The motivation of this paper is to rely on Bidirectional Encoder Representations from Transformers(BERT) [5] with pre-training an enormous dataset and a powerful architecture to gain better results in the sentiment analysis of Chinese stock reviews. In the case of a small amount of data, we can still train a model that works well to generate application value. The important significance is that our model can solve the problem of sentiment analysis in a specific field under the same case of small labeled data.

In this paper, we propose a novel sentiment analysis model for Chinese stock reviews. we design different variants of using BERT on sentiment analysis for Chinese stock reviews. These models use a deep learning method that can automatically extract features. Meanwhile, we use a pre-training model to fine-tune new areas. This further boosts the performance of sentiment analysis classification. An experiment is performed on Chinese stock reviews data set in Guba of Eastmoney, and the result shows that the proposed model in this paper has higher accuracy than TextCNN [6], TextRNN [7], Att-BLSTM [8] and TextCRNN [9]. Our model can improve the accuracy of sentiment analysis classification for Chinese stock reviews. It concludes that our model has a powerful generalization ability that could be used in other fields.

The main contributions of this paper are as follows:

  1. (1)

    We propose a new solution for sentiment analysis of Chinese stock reviews that can avoid building dictionaries and extracting features manually.

  2. (2)

    We design different variants using BERT on Chinese stock reviews and found that the BERT+FC model gains the best performs via fine-tuning, Experimental results indicate that the proposed method is highly effective.

  3. (3)

    The benefit of this method is that it has a powerful generalization capacity and can be widely used in specific fields. For stock comment sentiment classification tasks, the BERT pre-training model was trained on a general text corpus, and then the model was fine-tuned on a domain-specific corpus, which effectively improves the performance of the model.

The remainder of this paper is organized as follows. Section 2 provides related works. Section 3 provides details of the sentiment analysis method proposed in this paper. Section 4 presents the experimental results and discusses the results. Section 5 summarizes the proposed method and outline future work.

2 Related work

The goal of sentiment analysis is to identify sentiment polarity. Abundant methods have been utilized to resolve sentiment analysis, including traditional methods and deep learning methods. In this section, we will briefly introduce the related work of sentiment analysis. Sentiment analysis methods are mainly divided into three types [10]: sentiment dictionary [11], machine learning [12] and deep learning [13].
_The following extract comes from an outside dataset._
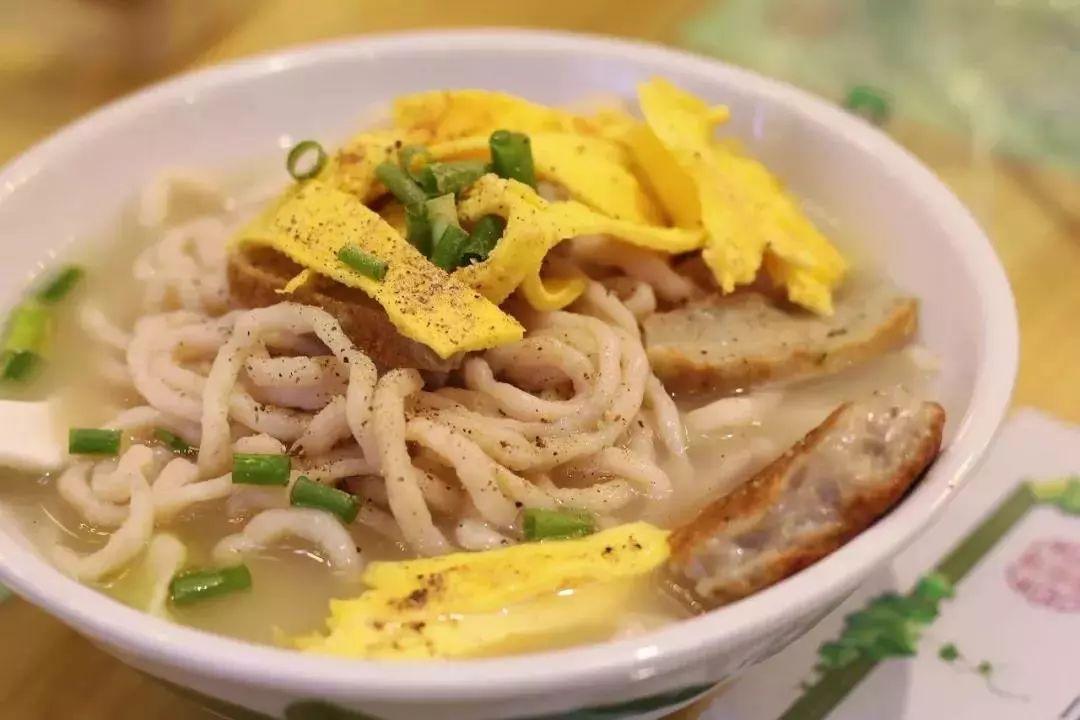 离广州1.5小时，藏着一个“广东周庄”，书香水韵，素净清纯(图25)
The method for the sentiment dictionary is based on the sentiment dictionary, which calculates the sum of positive and negative sentiment in the text, A value greater than zero indicates that the text tends to be positive; otherwise, it is negative. Many techniques are used to improve the accuracy of sentiment classification, such as word sense disambiguation [14] and constructing sentiment lexicons. The advantage of the sentiment dictionary method is simple and does not need a labeled text. However, the disadvantage is that the sentiment dictionary depends on a manual design, which leads to insufficient coverage of sentiment words. The machine learning method depends on the machine learning algorithm and has become the most popular method. This method converts a large number of features into feature vectors based on sentiment lexicons, then train a classifier. The earliest method used is Naive Bayes [15]. Then some important methods in the development of machine learning, such as support vector machines (SVMs) [16] and decision trees [17] were been widely used in the field of text sentiment classification. The method of text sentiment analysis based on machine learning is more accurate, but it relies on the quality of the feature extracted.

Currently, deep learning has been popularly used in the field of text sentiment classification. The Convolutional Neural Network(CNN) and Recurrent Neural Network(RNN) have been broadly used for text sentiment classification [18]. Dos et al. [19] proposed a CharSCNN that used two convolution layers to extract features to solve sentiment analysis. Wang et al.[20] used LSTM to predict the sentiment polarities of tweets by composing word embeddings. Wu Xing et al. [21] represented the intrinsic characteristics of the stock market by GRU, which is another variant of RNN.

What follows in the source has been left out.